The Trump administration proposed $143.5 billion in cuts to federal employee compensation in May, including substantial decreases in retirement funding. Also that month, Trump signed three executive orders that made it easier to fire civilian employees and put new limits on union activity. A federal judge invalidated many of the provisions in those executive orders on Saturday.
In contrast to civilian employees, troops are due for a 2.6 percent pay increase next year. Trump has touted the military pay bump, which was authorized by a giant $716 billion defense bill he signed earlier this month.

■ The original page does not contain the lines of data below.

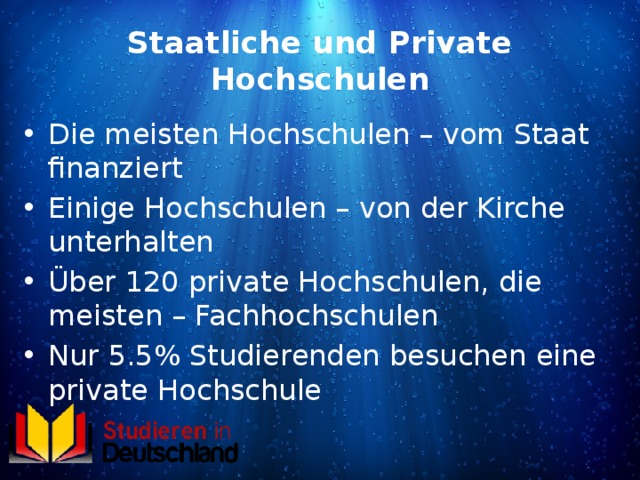 Staatliche und Private Hochschulen Die meisten Hochschulen – vom Staat finanziert Einige Hochschulen – von der Kirche unterhalten Über 120 private Hochschulen, die meisten – Fachhochschulen Nur 5.5% Studierenden besuchen eine private Hochschule 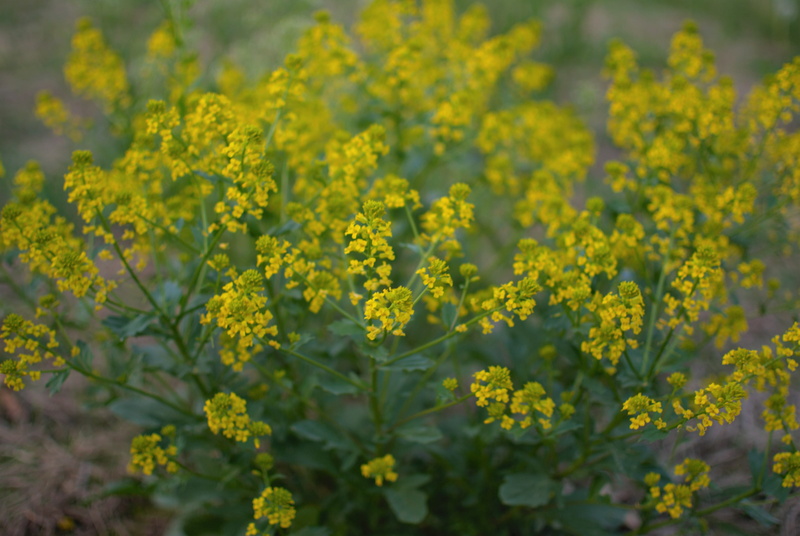 close-up, growth, no people, goldenrod, mogadore, oilseed rape, field, flowering plant, abundance, fragility, flower head, yellow, freshness, outdoors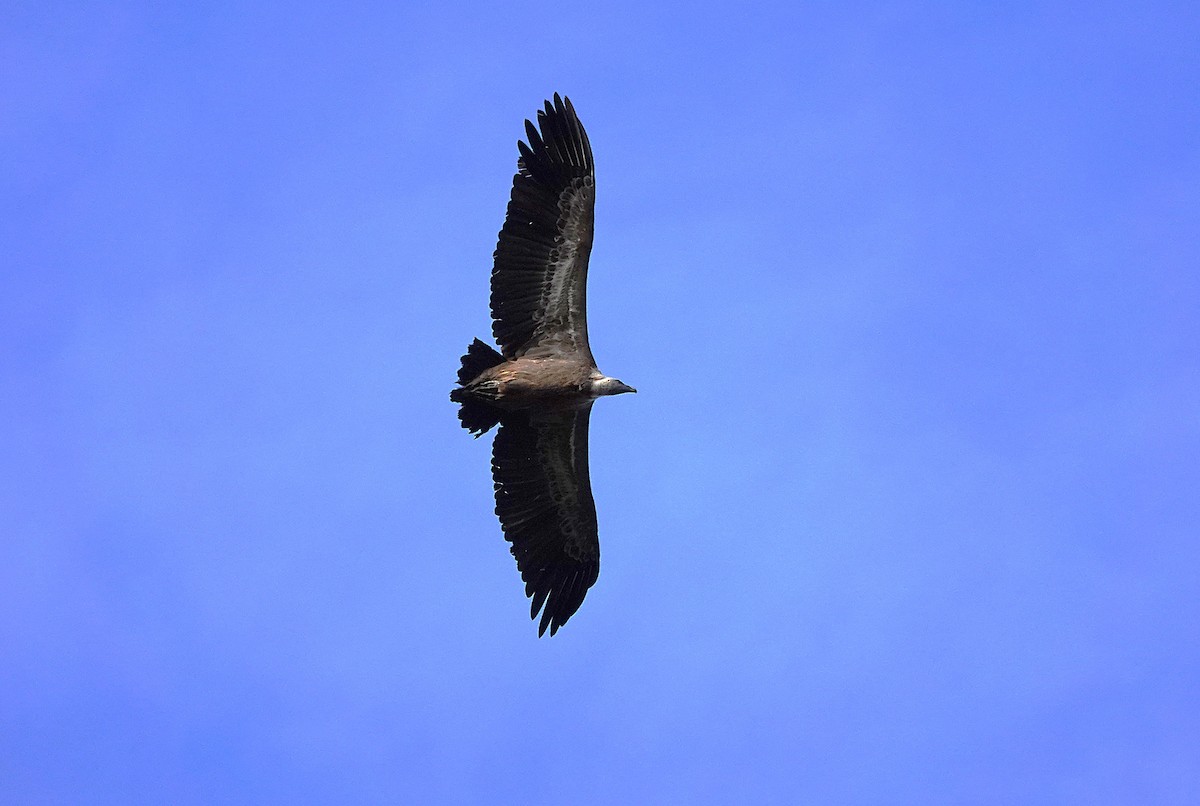 Vautour fauve - ML644546819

Trump has promised that he would reduce the federal deficit and balance the nation’s budget, though his administration’s policies have largely done the opposite. The president’s tax and spending reforms are slated to add more than $1 trillion to the deficit over ten years, according to government figures. Supporters of the president’s tax plan claimed the bill would pay for itself.
The politics of the pay freeze could be dicey. While the president has railed against the Washington “swamp,” less than 20 percent of the nation’s nearly 2 million civilian full-time federal employees live in the D.C. metropolitan area, according to the Office of Personnel Management.
The move could also further imperil Rep. Barbara Comstock, R-VA., a vulnerable incumbent whose district is home to tens of thousands of government employees. In a statement, Comstock said that that she would attempt to re-instate the pay increase through legislative action.
The government “cannot balance the budget on the backs of our federal employees,” she said.